▸ **What needs to be done**
Give the data again exactly as it appears, excluding any pictures.

▸ **Available data**
[Start of section]

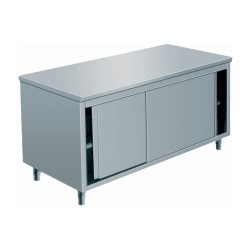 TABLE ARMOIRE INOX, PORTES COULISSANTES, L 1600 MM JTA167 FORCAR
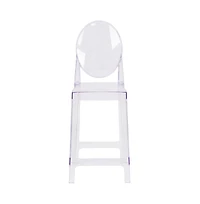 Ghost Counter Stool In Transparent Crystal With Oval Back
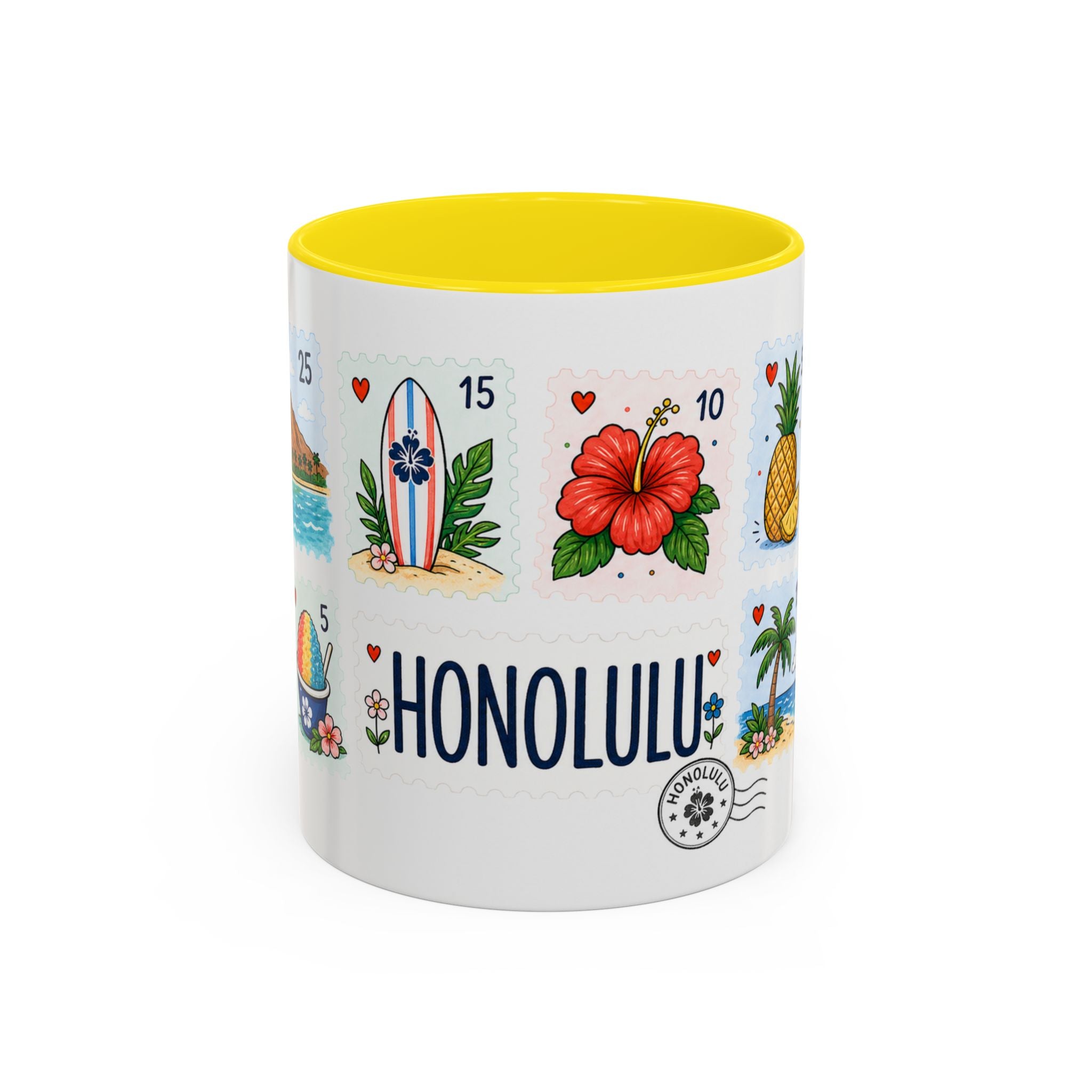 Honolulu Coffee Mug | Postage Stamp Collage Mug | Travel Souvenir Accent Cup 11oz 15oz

[End of section]

▸ **Solution to the problem**
 TABLE ARMOIRE INOX, PORTES COULISSANTES, L 1600 MM JTA167 FORCAR
 Ghost Counter Stool In Transparent Crystal With Oval Back
 Honolulu Coffee Mug | Postage Stamp Collage Mug | Travel Souvenir Accent Cup 11oz 15oz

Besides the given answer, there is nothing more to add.